Изменить размер шрифта - +
Неприятно поражённый этим духом предприимчивости графини, г-н Шелига читает ей строгую нотацию:

«На наш взгляд, все стремления графини направлены на получение индивидуальной, эгоистической выгоды».

Возможное достижение ею цели, выход замуж за князя Герольштейнского, не обещает, по мнению г-на Шелиги, ничего хорошего:

«Мы нисколько не ожидаем, что её замужество принесёт счастье подданным князя Герольштейнского».

В заключение своей укоризненной проповеди наш пуританин с «глубокомысленной серьёзностью» замечает:

«Сара» (предприимчивая дама), «едва ли, впрочем, является исключением среди людей этого блестящего круга, хотя она и образует одну из его вершит.

Едва ли, впрочем! Хотя! Ну, а «вершина» круга — разве это не исключение?

О характере двух других идеальных созданий, маркизы д'Арвиль и герцогини де Люсне, мы узнаём следующее:

Им «не хватает удовлетворенности сердца.

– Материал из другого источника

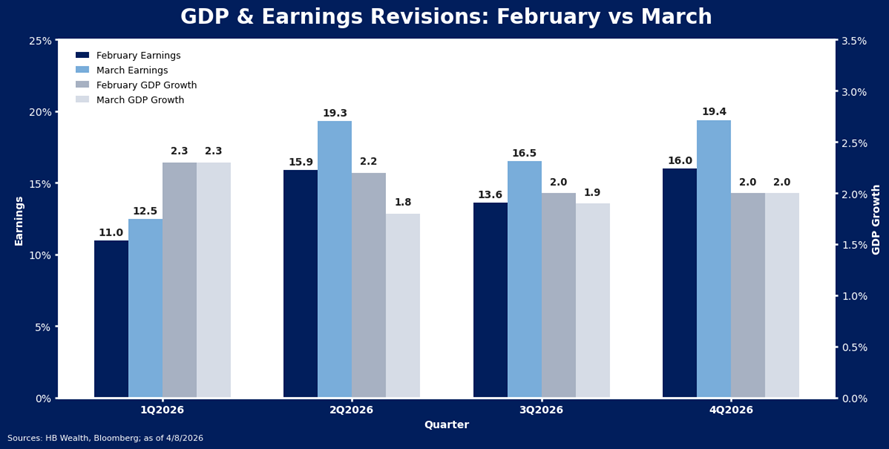 Bar chart comparing February and March GDP growth and earnings for four quarters in 2016. Each quarter shows two bars for earnings and two for GDP growth, highlighting changes between the two months.
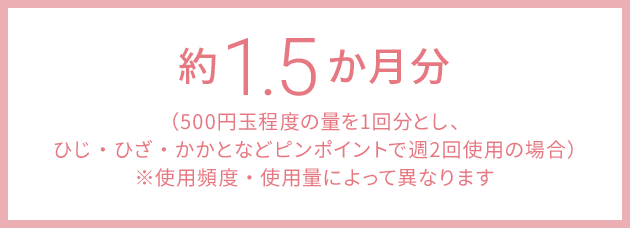 約1.5か月分　（500円玉程度の量を1回分とし、ひじ・ひざ・かかとなどピンポイントで週2回使用の場合）※使用頻度・使用量によって異なります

В браке они не обрели предмета любви и потому ищут предмет любви вне брака. В браке любовь осталась для них тайной, и властное веление сердца побуждает их стремиться к разоблачению этой тайны. Таким образом они предаются тайной любви. Эти жертвы брака без любви помимо своей воли доходят до того, что низводят самоё любовь до чего-то внешнего, до так называемой связи, а романтический элемент, тайну, готовы принять за внутреннее, оживляющее, существенное в любви».

Мы тем выше должны оценить заслугу этой диалектической аргументации, чем более последняя применима ко всем случаям жизни.

Например, кто не смеет пить у себя дома и всё-таки чувствует потребность выпить, тот ищет «предмет» выпивки «вне» дома и «таким образом» предаётся тайному пьянству. Мало того, у него появится непреодолимое побуждение считать тайну существенным ингредиентом пьянства, хотя он и не станет низводить выпивку до уровня чего-то исключительно «внешнего», безразличного, чего не делают и вышеупомянутые дамы по отношению к любви. Ведь согласно объяснению самого г-на Шелиги, они низводят не любовь, а лишённый любви брак до того, чем он на самом деле является, — до чего-то внешнего, до так называемой связи.

«Что такое», — спрашивает дальше г-н Шелига, — ««тайна» любви?»

Мы только что познакомились с конструкцией, делающей «тайну» «сущностью» этого сорта любви. Каким же образом получается, что нам приходится теперь искать тайну тайны, сущность сущности?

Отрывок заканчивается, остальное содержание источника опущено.